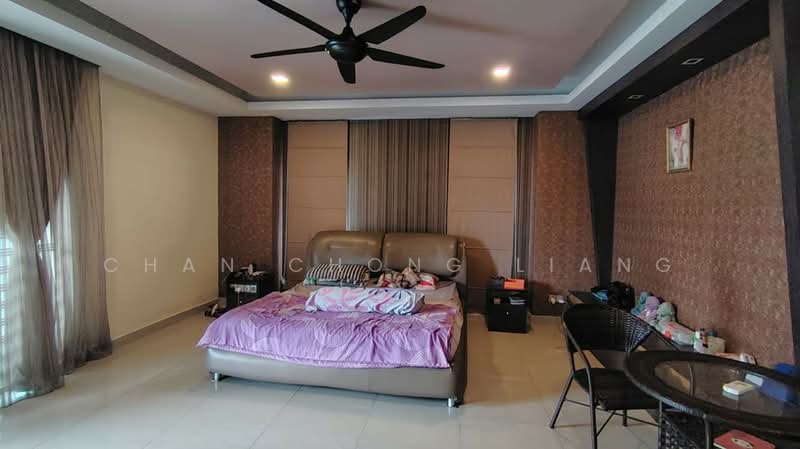 Semi-Detached House for Sale in Bandar Puteri Puchong (Puchong) - Chan Chong Liang - Bedroom - PropertyGuru.com.my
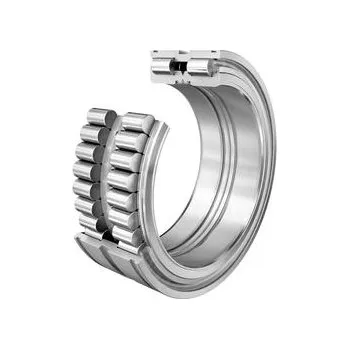 SL045013-PP INA Dvouřadé válečkové ložisko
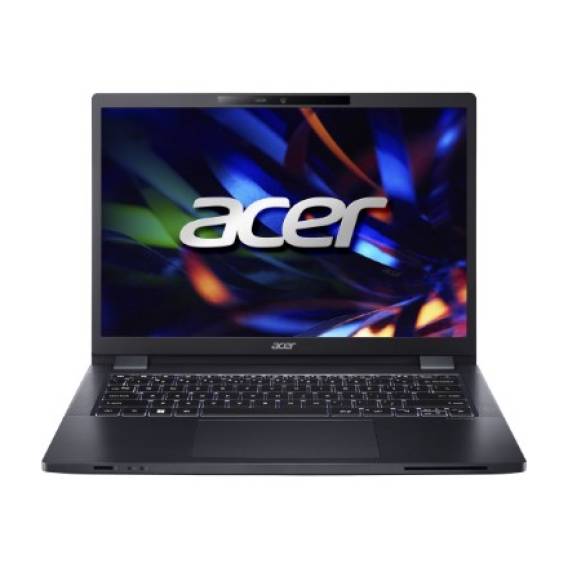 Obrázok pre Acer TravelMate TMP414 Black i5 16GB 512SSD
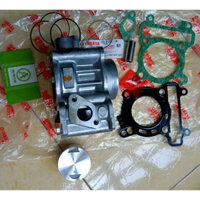 Bộ nòng xi lanh xe tay ga Yamaha Nouvo 5 SX 125cc loại 1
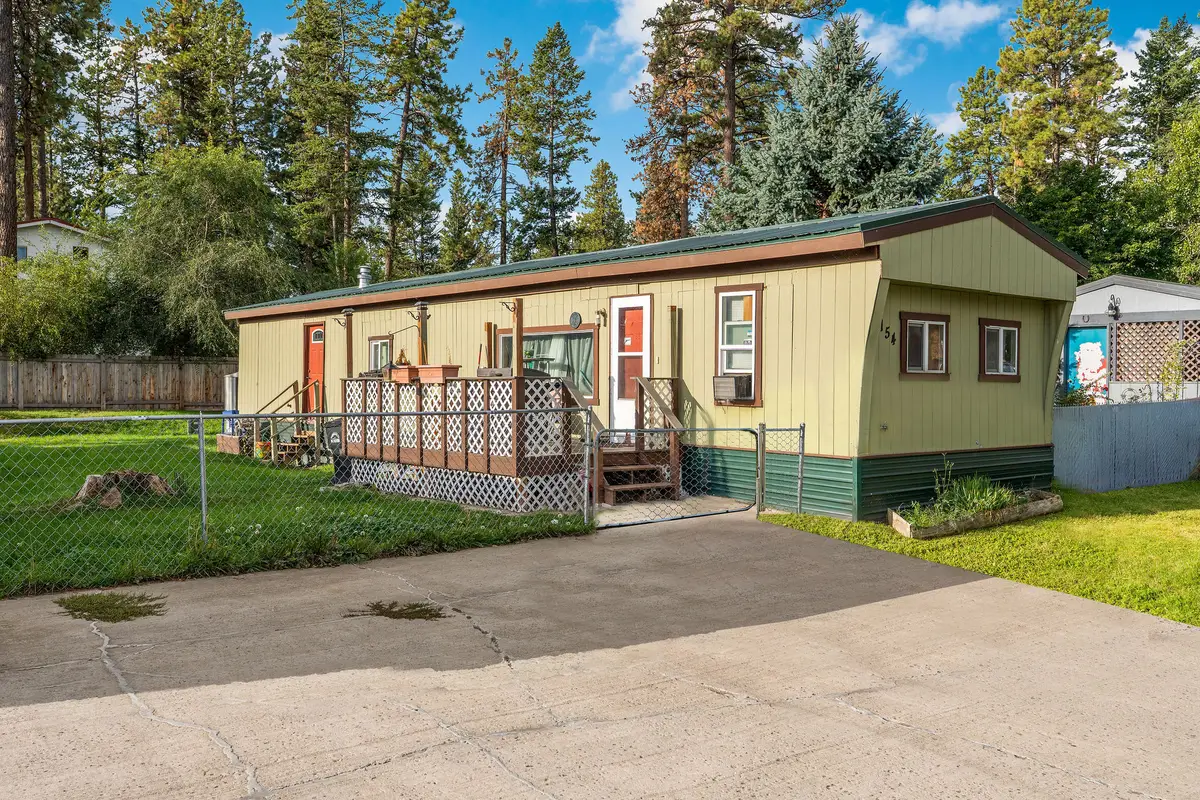 154 Ridgewood Drive, Kalispell, MT 59901 - #1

GOAL OF THE EXERCISE: Retype the records exactly. Any image in them should not appear in what you write.

ANSWER BELOW:
 Semi-Detached House for Sale in Bandar Puteri Puchong (Puchong) - Chan Chong Liang - Bedroom - PropertyGuru.com.my
 SL045013-PP INA Dvouřadé válečkové ložisko
 Obrázok pre Acer TravelMate TMP414 Black i5 16GB 512SSD
 Bộ nòng xi lanh xe tay ga Yamaha Nouvo 5 SX 125cc loại 1
 154 Ridgewood Drive, Kalispell, MT 59901 - #1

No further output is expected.